The fantastic growth of Fixed Expense as a share of Total Expense, and continuing confusion surrounding how to manage variable work volumes in areas generating Fixed Expense, means many businesses are allowing productivity to languish across a large swath of business activity. Businesses often apply softer performance standards to work which drives Fixed Expense.
This double standard extends to allowing the utilization of production assets to fluctuate widely, and to holding permanent excess capacity. It's worthwhile remembering that Interest Expense, Depreciation, Amortization and Leasing expenses are commonly a large chunk of Fixed Expense. It's essential in a business review to identify opportunity in the management of capacity utilization.
As a result, many businesses are sitting unrealized opportunity to improve Operating Profit and Return on Invested Capital (ROIC) by between 10% and 30% without raising prices, without capital expenditure, and without reducing service levels.

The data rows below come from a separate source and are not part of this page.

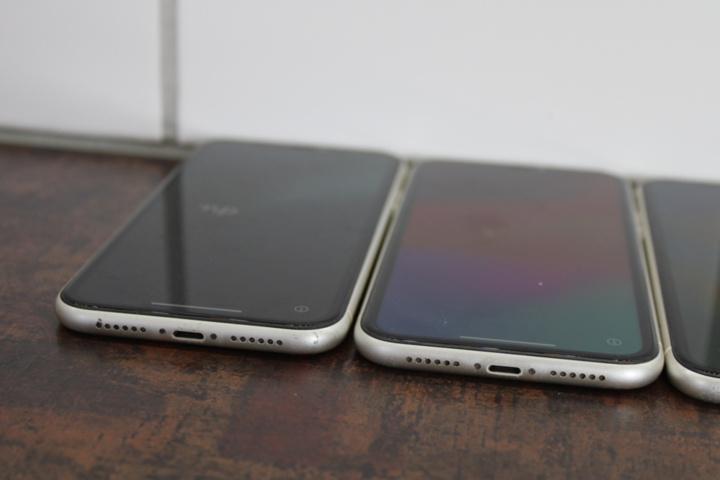 1531789-5 Mobiltelefoner iPhone 11 64GB, 5 st (vita)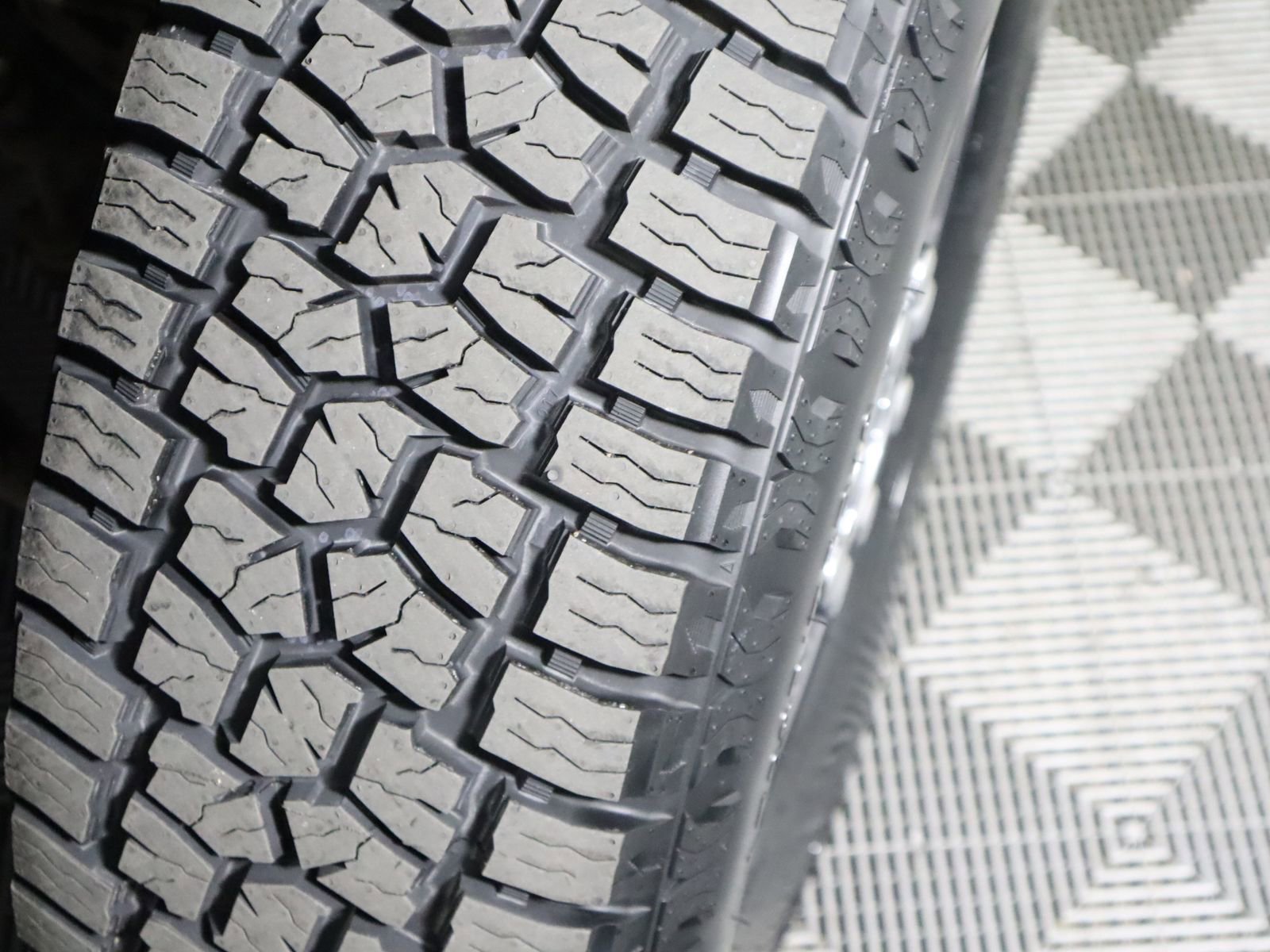 Used 2024 Ford F250 Lariat image 19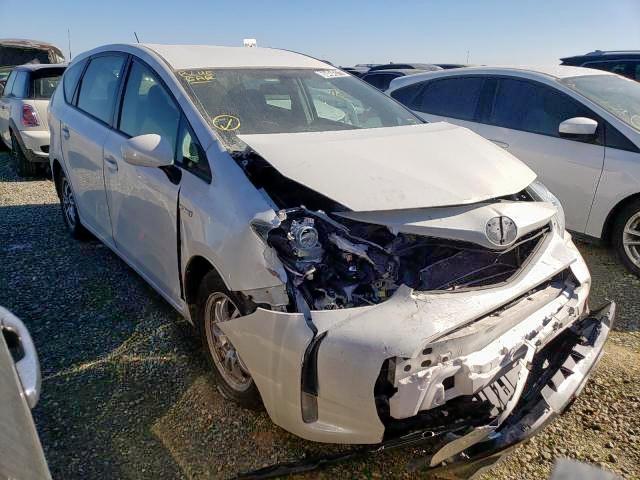 2017 TOYOTA PRIUS V  2017 image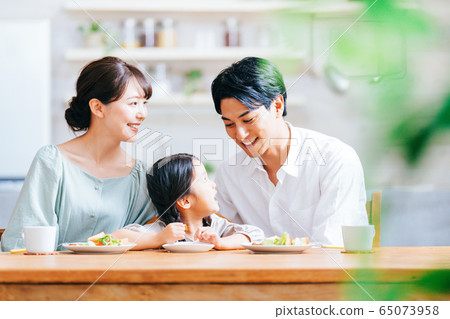 Family young Family young 65073958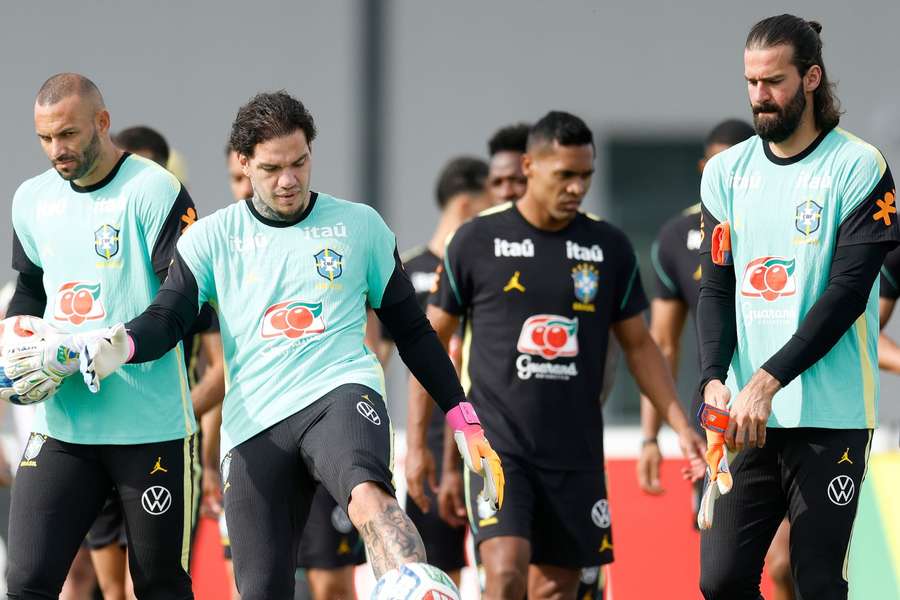 Weverton, Ederson e Alisson em treino da Seleção Brasileira Weverton, Ederson e Alisson em treino da Seleção Brasileira
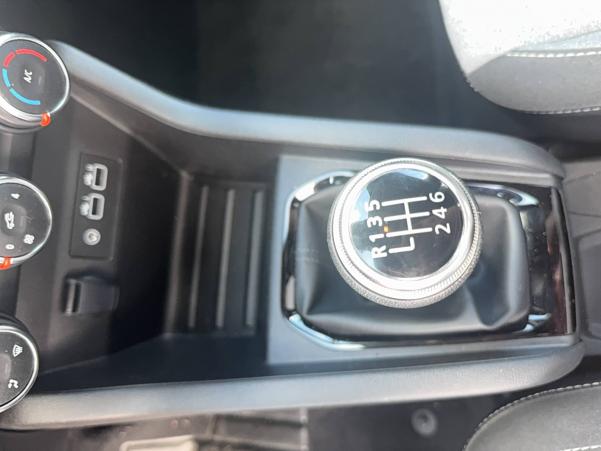 Vente en ligne Renault Clio 5 Clio dCi 100 GSR2 au prix de 16 990 €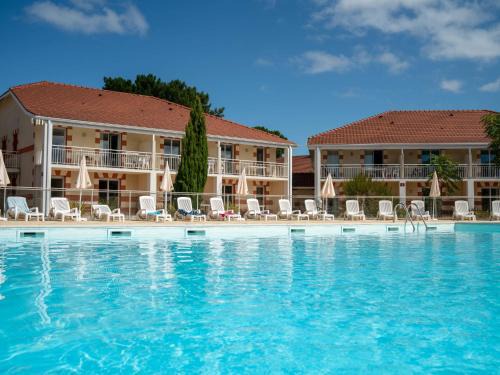 Le Verdon-sur-Mer Apartment | Apartment Les Alcyons T3 by Interhome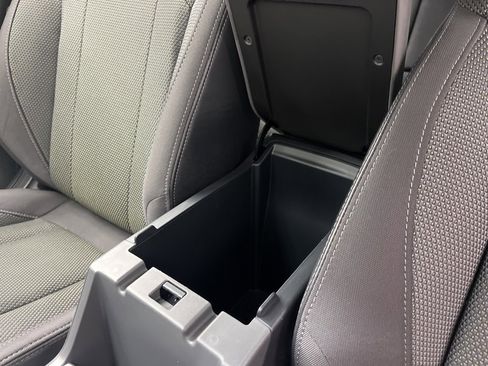 Used 2024 Subaru Crosstrek 2.0i Premium image 26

In accounting parlance, Variable Expense varies directly with the amount of production output in a production system. More or less production output requires more or less materials, more or less labor, more or less power and more or less production time. For example, an increase of 5% in the production output of a business producing flour tortillas will likely result in a 5% increase in the expense associated with procuring flour (all else held constant). So, the expense related to procuring flour is deemed a 'Variable' Expense.
Fixed Expense doesn’t vary as a result of marginal changes in the volume of output produced by a production system. For example, marginal increases or decreases in production output in the tortillas business won't change expenses associated with staffing in areas like Sales or Human Resources. Marginal changes in production output aren’t likely to result in changes to Interest Expense, Depreciation or Leasing expenses (all else held constant). The amount of work generated in Human Resources probably won’t change as a result of a 5% reduction in the number of flour tortillas produced. The expense relating to maintaining the Human Resources function is deemed a ‘Fixed’ Expense.
Contrary to its traditional accounting tag, Fixed Expense is anything but 'fixed'. For example, it's true that the amount of work in a Human Resources (HR) function does not generally vary in relation to marginal changes in production output (for external customers). So, the expense of maintaining a HR function is generally deemed to be Fixed Expense.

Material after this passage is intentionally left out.